___ AVAILABLE DATA

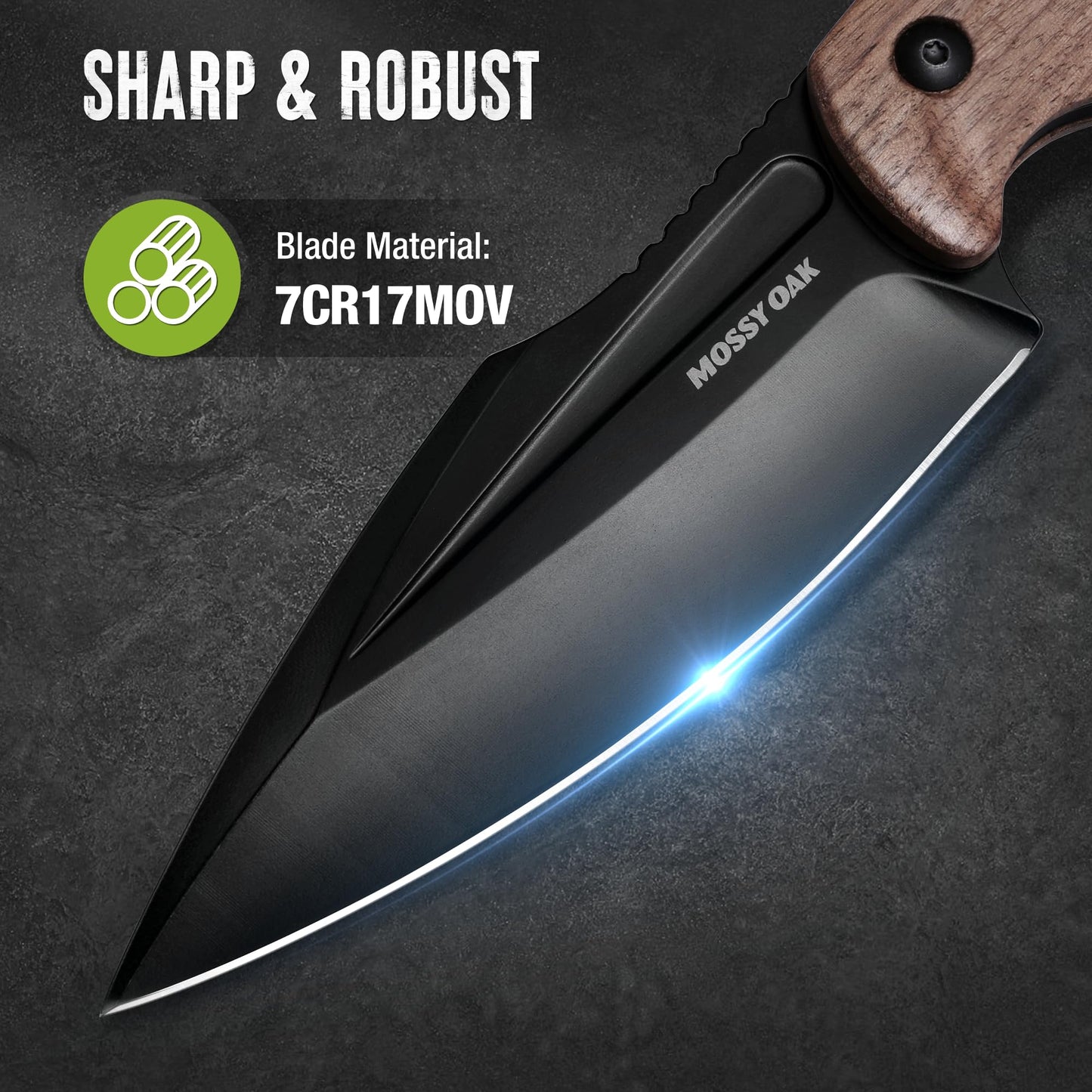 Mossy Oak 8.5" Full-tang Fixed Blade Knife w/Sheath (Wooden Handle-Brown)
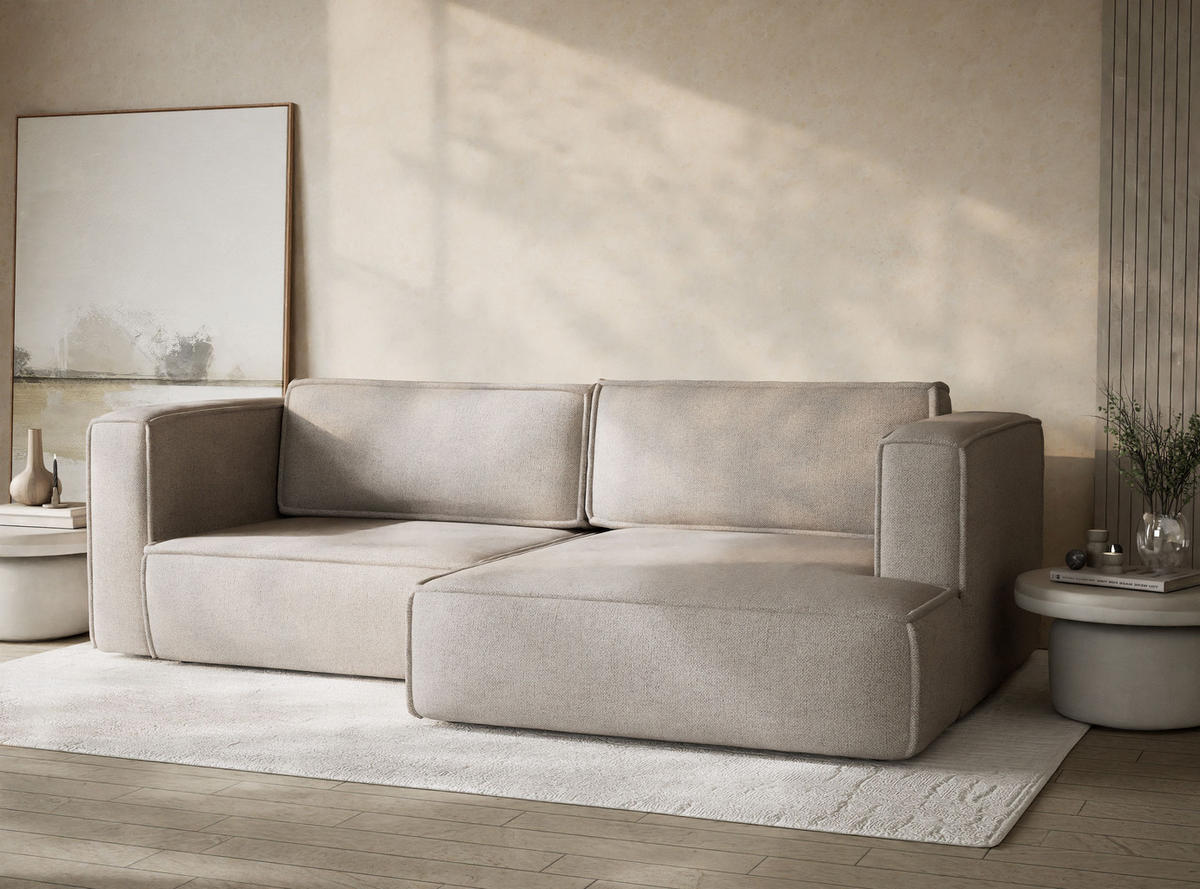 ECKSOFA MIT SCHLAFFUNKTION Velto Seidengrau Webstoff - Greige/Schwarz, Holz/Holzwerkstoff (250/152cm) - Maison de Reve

______
___ AVAILABLE DATA

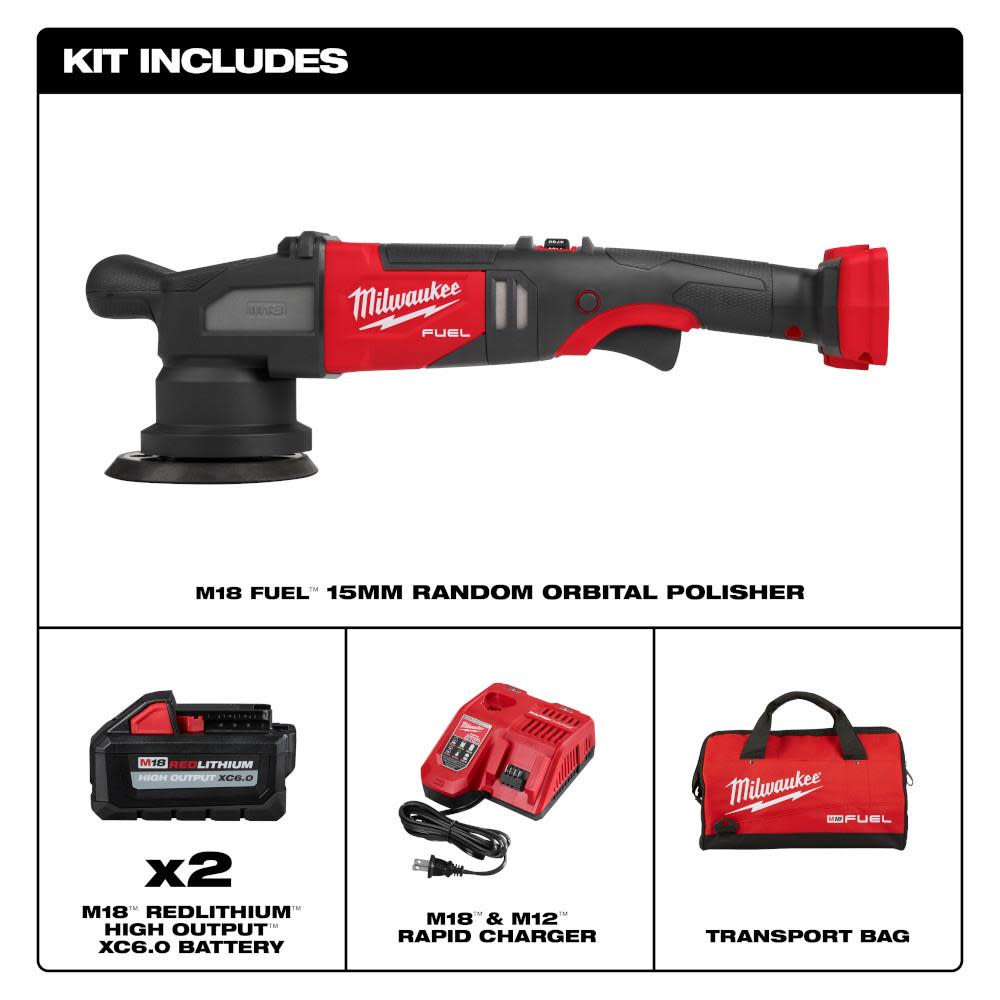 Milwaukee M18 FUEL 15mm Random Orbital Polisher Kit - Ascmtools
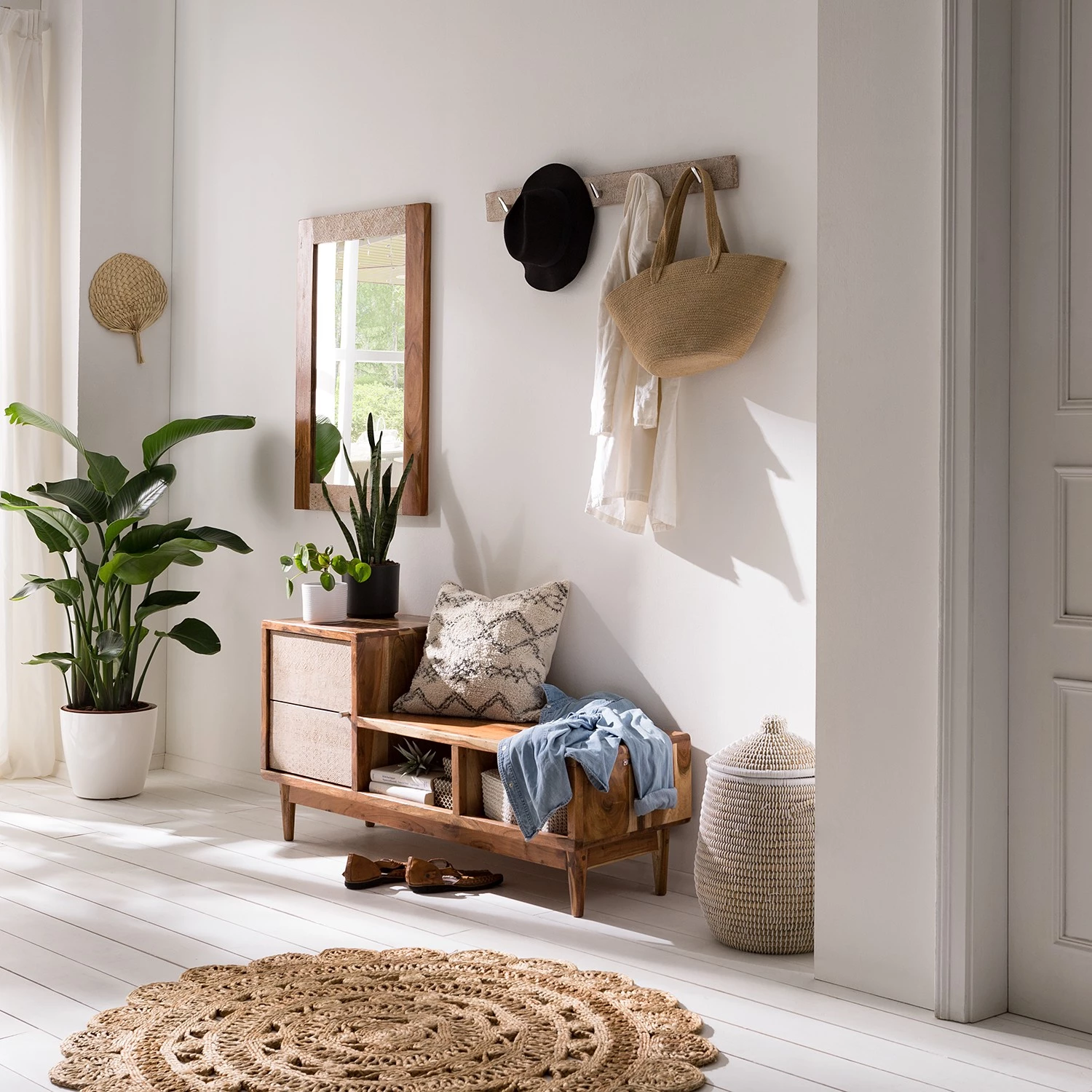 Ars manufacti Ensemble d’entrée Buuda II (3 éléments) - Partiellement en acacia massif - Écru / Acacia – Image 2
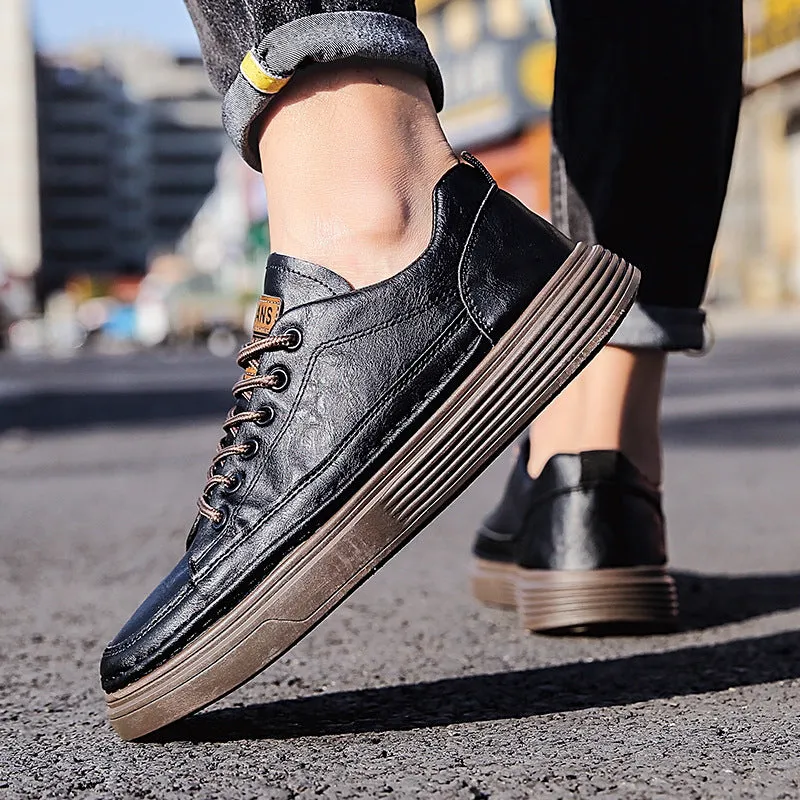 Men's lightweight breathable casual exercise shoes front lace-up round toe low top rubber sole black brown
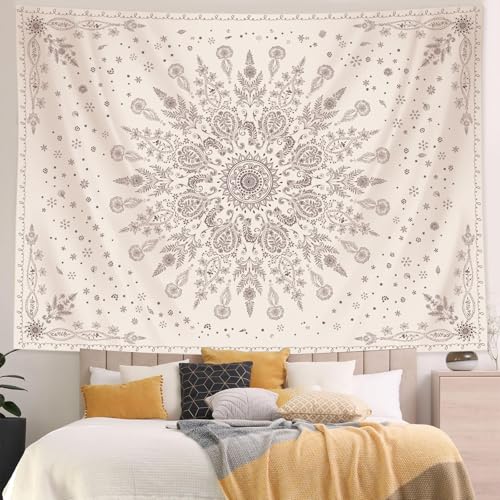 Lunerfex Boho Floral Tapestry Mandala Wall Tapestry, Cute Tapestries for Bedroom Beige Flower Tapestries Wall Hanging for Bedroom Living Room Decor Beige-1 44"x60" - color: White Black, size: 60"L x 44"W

______

# TASK PROMPT
Copy only this from above: the line containing "Men's lightweight breathable", the line containing "Lunerfex Boho Floral", and all lines between, printed exactly. Leave out the pictures.

# WRITTEN SOLUTION
 Men's lightweight breathable casual exercise shoes front lace-up round toe low top rubber sole black brown
 Lunerfex Boho Floral Tapestry Mandala Wall Tapestry, Cute Tapestries for Bedroom Beige Flower Tapestries Wall Hanging for Bedroom Living Room Decor Beige-1 44"x60" - color: White Black, size: 60"L x 44"W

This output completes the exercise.